Oscar did not understand, nor could I at that point. In this section at page 488, however, I got a peek at one of Karl’s dreams, the most bizarre dream of the countless dreams recounted for us in this novel. In addition to the graphic content of the dream, Karl also features the prison to be a castle on the edge of a bottomless abyss. At the conclusion of his dream he curls up on the edge of the abyss and falls asleep to dream some more.
It is difficult to come to grips with the meaning of his ruminations that immediately follow to the effect that “[r]aping women and then killing them seemed more attractive to him, more sexy” than Farfán and Gómez’s sexual activities. Are we to take this idea to be a self-incriminating one? I do not think so. It can just as easily be taken as a way of expressing his deep revulsion when considering Farfán and Gómez. In any event this leads him to his fantasy about murdering those two men and throwing their bodies in the abyss. “. . .that will be the last of them.”
Whatever the case, Karl Haas is a disturbing man. His dreams have violence and sex all blended together in a truly macabre way. This is displayed in his conduct, also, as we witnessed in the gruesome scene when El Anillo attempted to rape Karl in the prison shower wherein the author finally comes through with the prison rape with blades to which Jeff refers below. Page 484.
Karl illustrates something nicely. Without a confession–and Karl is expert at avoiding that pitfall–the police are essentially powerless to investigate and solve a case.
It is Epifanio who has the lead in the investigation of Karl Haas. On the surface it appears that Epifanio actually does some decent police work for a change. However, I have no faith in the purity of Epifanio’s motives at all. The mere fact that Epifanio is the moving force behind Karl Haas’s incarceration is that which most persuades me that Karl did not commit any of these murders. Karl is a handy scapegoat for the police, and a scapegoat may be just thing that Epifanio is seeking. Obviously, that is saying a much different thing than that Karl is an innocent man, however. There are very few if any innocent men in this book.

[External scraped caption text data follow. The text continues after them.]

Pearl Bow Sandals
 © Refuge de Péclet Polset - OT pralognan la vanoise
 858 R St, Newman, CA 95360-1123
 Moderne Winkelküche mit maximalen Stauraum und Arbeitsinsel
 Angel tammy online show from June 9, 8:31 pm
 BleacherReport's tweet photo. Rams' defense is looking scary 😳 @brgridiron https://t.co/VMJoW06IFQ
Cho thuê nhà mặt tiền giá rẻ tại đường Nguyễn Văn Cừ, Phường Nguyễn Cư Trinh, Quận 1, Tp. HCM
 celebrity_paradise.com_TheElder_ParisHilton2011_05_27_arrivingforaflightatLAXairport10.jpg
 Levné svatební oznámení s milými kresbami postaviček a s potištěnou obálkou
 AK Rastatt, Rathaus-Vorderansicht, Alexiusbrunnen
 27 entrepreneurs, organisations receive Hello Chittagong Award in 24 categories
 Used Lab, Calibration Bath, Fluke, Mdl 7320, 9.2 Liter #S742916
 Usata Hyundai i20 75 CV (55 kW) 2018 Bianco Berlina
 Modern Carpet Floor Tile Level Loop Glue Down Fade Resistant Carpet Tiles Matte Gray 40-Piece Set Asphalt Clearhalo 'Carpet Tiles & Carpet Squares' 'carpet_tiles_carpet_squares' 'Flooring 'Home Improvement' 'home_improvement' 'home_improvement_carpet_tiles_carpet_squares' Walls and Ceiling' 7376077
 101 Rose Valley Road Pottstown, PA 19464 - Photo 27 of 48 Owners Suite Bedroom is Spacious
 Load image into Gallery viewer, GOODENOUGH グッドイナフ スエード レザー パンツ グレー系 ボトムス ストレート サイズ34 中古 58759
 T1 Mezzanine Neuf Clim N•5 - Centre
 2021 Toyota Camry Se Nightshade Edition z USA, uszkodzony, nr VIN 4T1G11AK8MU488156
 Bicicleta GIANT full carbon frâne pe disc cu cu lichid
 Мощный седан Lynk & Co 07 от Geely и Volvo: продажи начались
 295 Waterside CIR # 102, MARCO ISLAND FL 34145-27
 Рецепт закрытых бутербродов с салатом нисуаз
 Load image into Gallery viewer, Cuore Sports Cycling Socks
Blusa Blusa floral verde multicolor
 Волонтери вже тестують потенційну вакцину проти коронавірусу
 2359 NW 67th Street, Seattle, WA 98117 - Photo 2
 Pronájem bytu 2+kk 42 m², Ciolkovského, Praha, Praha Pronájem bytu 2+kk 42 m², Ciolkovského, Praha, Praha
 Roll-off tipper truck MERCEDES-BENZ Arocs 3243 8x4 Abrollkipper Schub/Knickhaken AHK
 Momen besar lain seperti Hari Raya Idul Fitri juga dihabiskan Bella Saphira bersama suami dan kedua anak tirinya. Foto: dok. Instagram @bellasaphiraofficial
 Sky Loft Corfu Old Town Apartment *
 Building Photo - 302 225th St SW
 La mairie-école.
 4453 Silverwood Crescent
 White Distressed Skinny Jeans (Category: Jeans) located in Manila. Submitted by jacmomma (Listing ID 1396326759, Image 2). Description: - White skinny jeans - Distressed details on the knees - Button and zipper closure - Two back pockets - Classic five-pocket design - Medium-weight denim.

Which all brings me back to the observation that I made somewhere else. The issue of who is actually torturing and killing these young working women has become strangely beside the point.
Lastly, there is this intriguing monologue from Karl at page 506 to which Daryl refers below in his discussion of the claustrophobic aspects of this section:
Haas said: the killer is on the outside and I’m on the inside. But someone worse than me and worse than the killer is coming to this motherfucking city. Do you hear his footsteps getting closer? Do you hear them?
So Karl Haas is not Nietsche’s Superman after all. Nietsche’s Superman is apparently yet to come. . .at least that is the way that Karl sees it.
Maybe Haas is John the Baptist, and Nietzsche’s Superman is the Christ who is not coming.